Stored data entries
== == ==
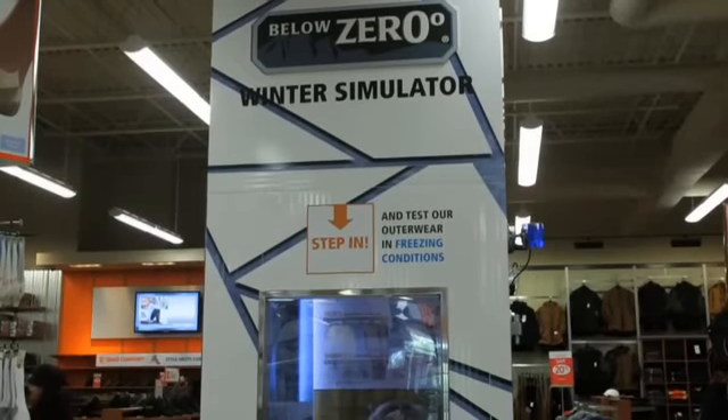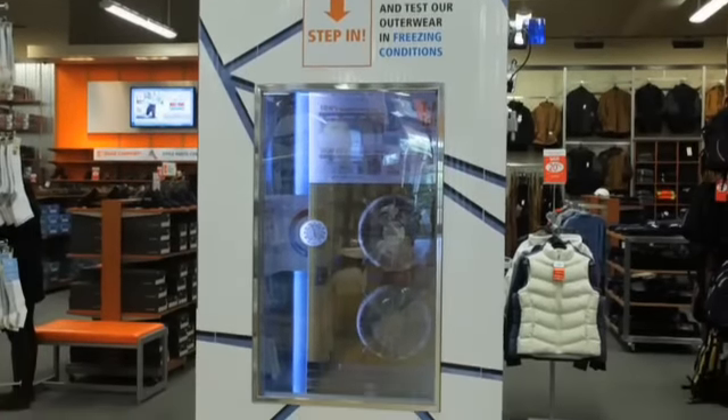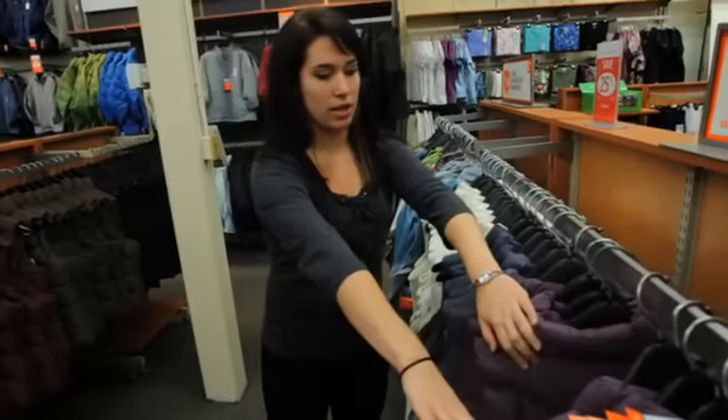So it really simulates what the outdoor conditions are going to be like, so that a customer can get a sense of how good our outerwear is going to work for them. Taking a look — I was considering a vest, but I think I'm going to go with the jacket. It's going to get pretty cold in there.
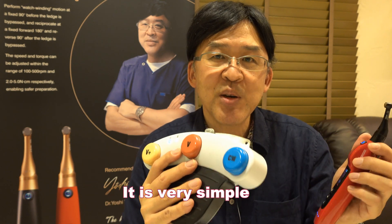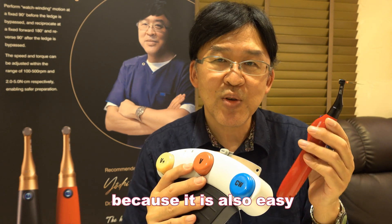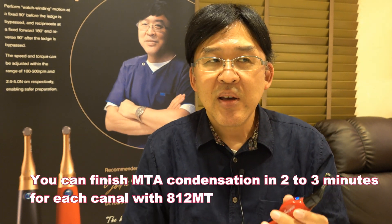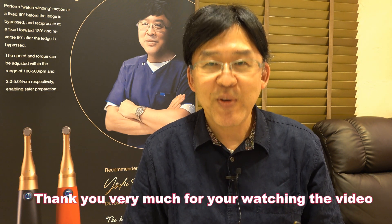Then you can finish the condensation with a plugger. It's very simple — you should use this to condense MTA. It's very easy. You can finish the MTA condensation in maybe two to three minutes with this device. Thank you very much.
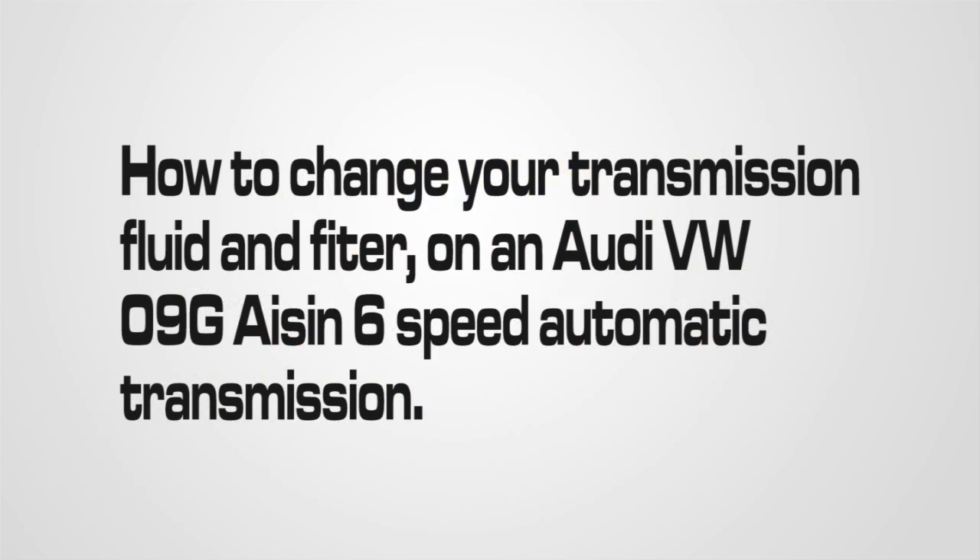Welcome to BlauParts. In this video, we will be demonstrating how to change your transmission fluid and filter on an Audi VW 09G ASIN 6-speed automatic transmission.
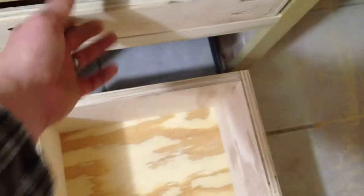It's the first time I used these full extension drawer slides. I like them.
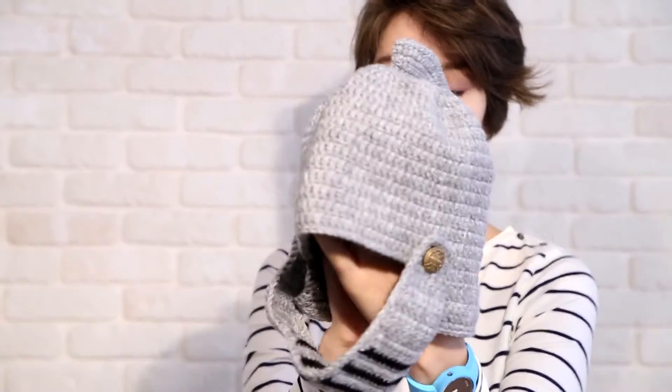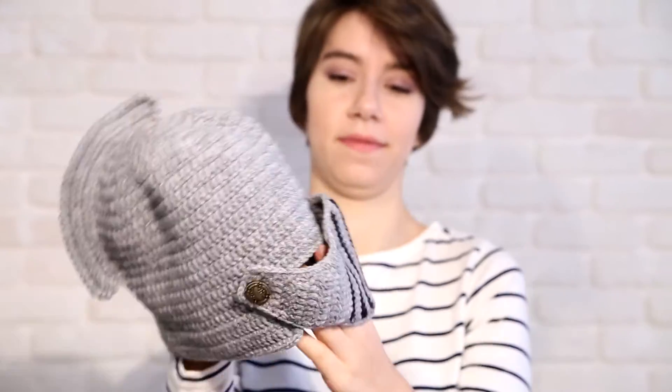That looks really cool. Thanks a lot. May I once again see it closer? Yes, of course. That's cool. Thanks. I guess it's a marvelous gift. I like it.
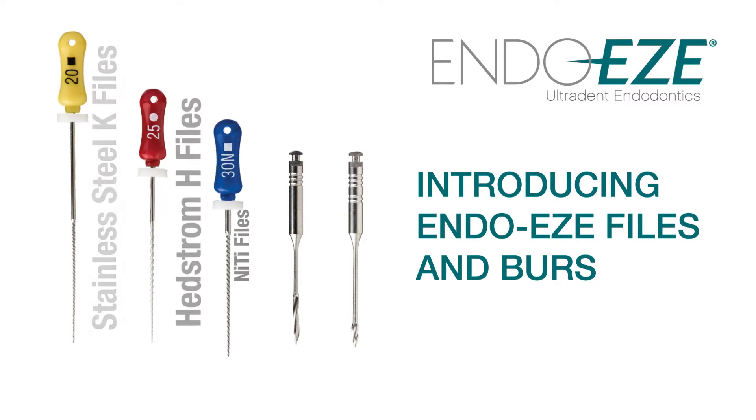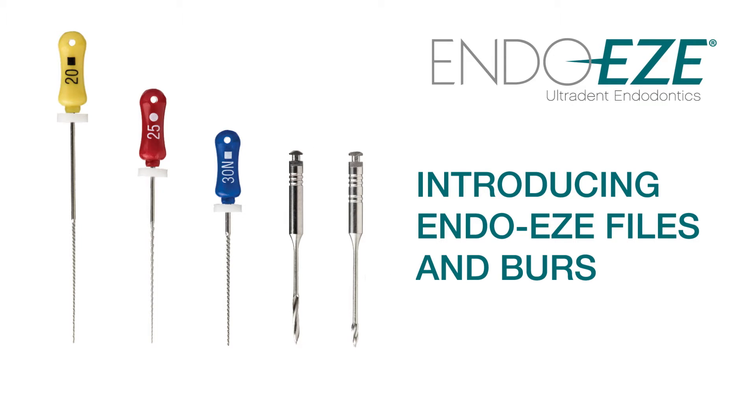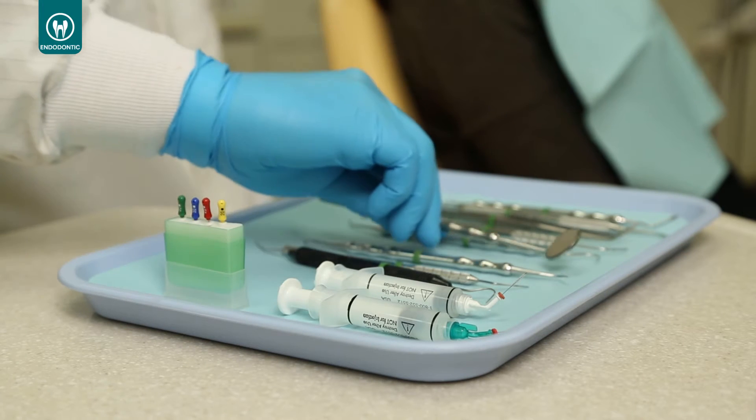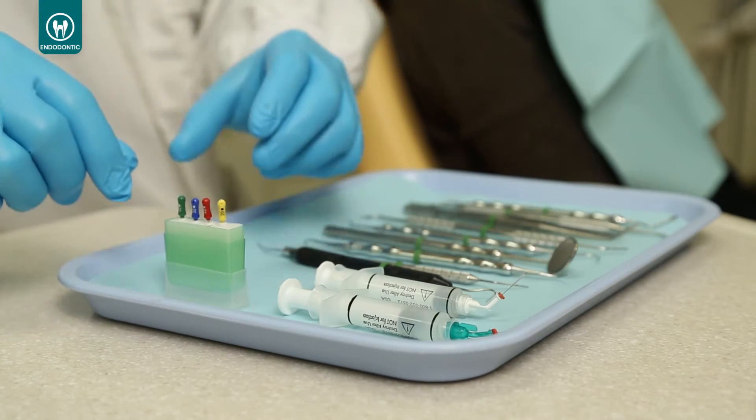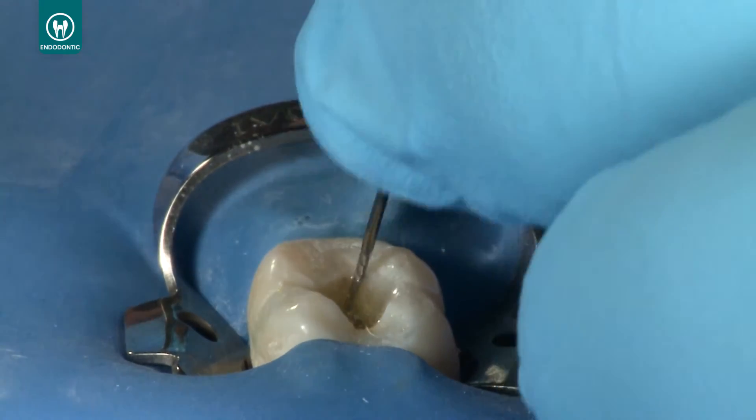Ultradent is pleased to introduce you to the EndoEase Endodontic Hand Files and Burrs. Hand files and burrs are essential tools needed every day in endodontic practice for cleaning and shaping the canal during instrumentation.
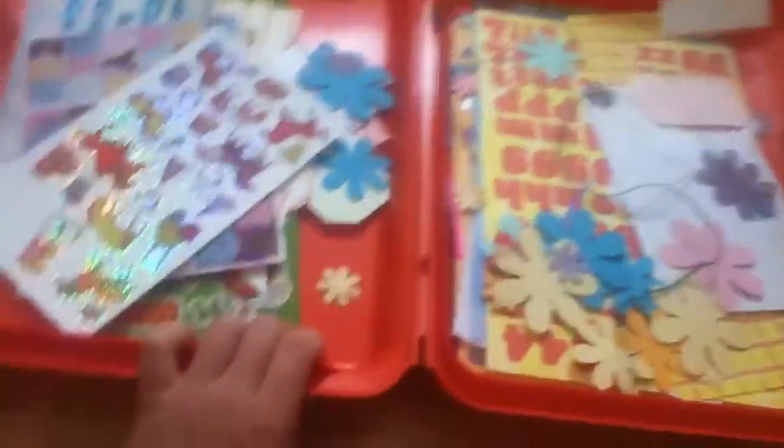Okay, so I already opened it up for you guys. I just want to tell you guys that all these are like some papers that I use for projects and stuff. So, I'll just take all that out. This is my box for it, and that's how it looks like.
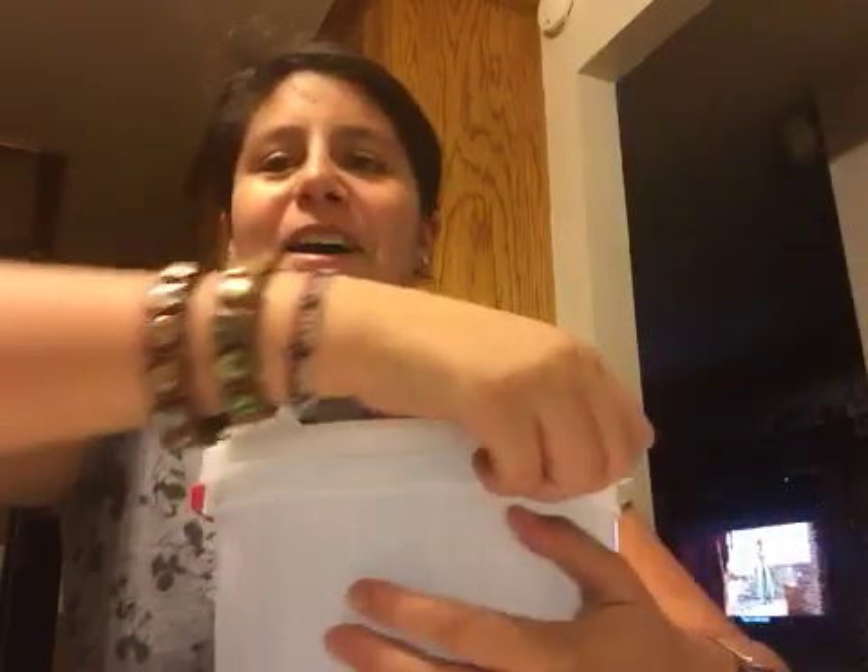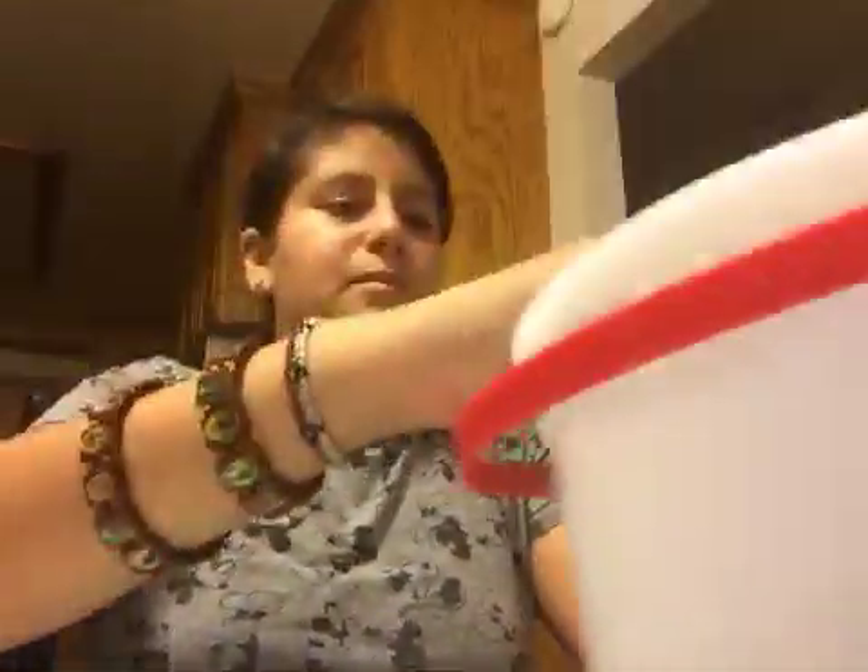Hey guys, sorry about that. So hey guys, I made some tape by myself. I'm gonna put it down here. I don't know if you're gonna be able to see it, but I'm gonna try to let you guys see it. There you go.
== == ==
Pictures do not belong in the copy. Repeat only the lines from the top of the records through the line containing "Then you can".

So it really simulates what the outdoor conditions are going to be like, so that a customer can get a sense of how good our outerwear is going to work for them. Taking a look — I was considering a vest, but I think I'm going to go with the jacket. It's going to get pretty cold in there.
Then you can finish the condensation with a plugger. It's very simple — you should use this to condense MTA. It's very easy. You can finish the MTA condensation in maybe two to three minutes with this device. Thank you very much.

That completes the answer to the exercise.